On my living room wall in Kandern, there are three maps.
(We have lots of maps, actually. An old map of Germany, a Metro guide to Paris, maps of Europe and the world that we bought at the grocery store a while ago. We live in a house of maps.)
These three, however, take center stage in our living room, occupying a long and well-lit wall between the window and the stairs. And unlike the other maps, which mostly tell us about the continent on which we live, places we’ve been or want to go, these maps tell our stories. State maps of Washington, Minnesota and New York march from west to east along the wall. We’ve started to surround them with pictures from home, people and places we love linked back to locations with bits of red string. Accompanying each, ticking a cacophonous trio, is a clock, telling the time “back home” for each of us.
The string and map idea is hardly a new one, especially for missions. Before I knew the terms “mission field” or “furlough,” I’d peered up at huge world maps, photographs of families linked back to continents I’d never heard of. The strings put faces to locations, so that if I knew nothing else about these smiling families, standing by large-leafed trees, I knew that they were far, very far, from where I lived.
As of a few hours ago, I have lived in Europe for one year. I arrived at Tauernhof in Austria this evening, for a second summer serving as an Upward Bound instructor. This has been a year of growth and surprise, a year in which I’ve been delighted to witness God’s faithfulness in ways that I’d never have imagined, much less expected. I’ve been blessed with two closely-knit communities and with friends who delight and inspire with their love.

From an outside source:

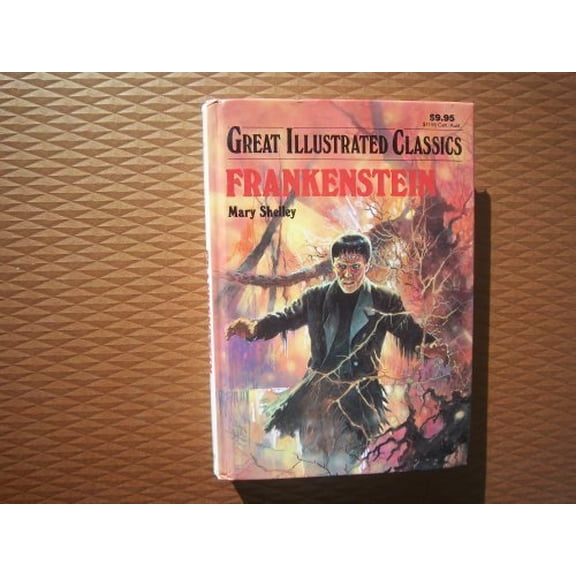 Pre-Owned Frankenstein (Great Illustrated Classics) (Hardcover) 0866119817 9780866119818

And yet, thankful as I am for the new life that God has built here, tonight I’m thinking of the strings on my Washington map. Thinking how this map is the opposite of the missions map in the church hallways, telling me how far away people have gone. This map, surrounded by faces of people I love, reminds me how close home remains. Along with the great joy that each new day brings, I daily bring along these friends and family who’ve shaped and loved me. I see them on trails and in street signs, hear their voices in a turn of phrase or an old song. After a year, the string that links me back to Seattle hasn’t faded away, as I remember when I talk to friends on Skype, or my parents arrive in Kandern for a visit. That’s still home, too.
I’m grateful for this. As grateful as the surprise of learning, when I moved “away from home” for the first time in my life, that homes don’t end or close when I leave them. That while I sometimes grow weary and overwhelmed at the thought of “starting over” with new people or new places, the love of Christ is expansive, multiplying rather than substituting, love upon love.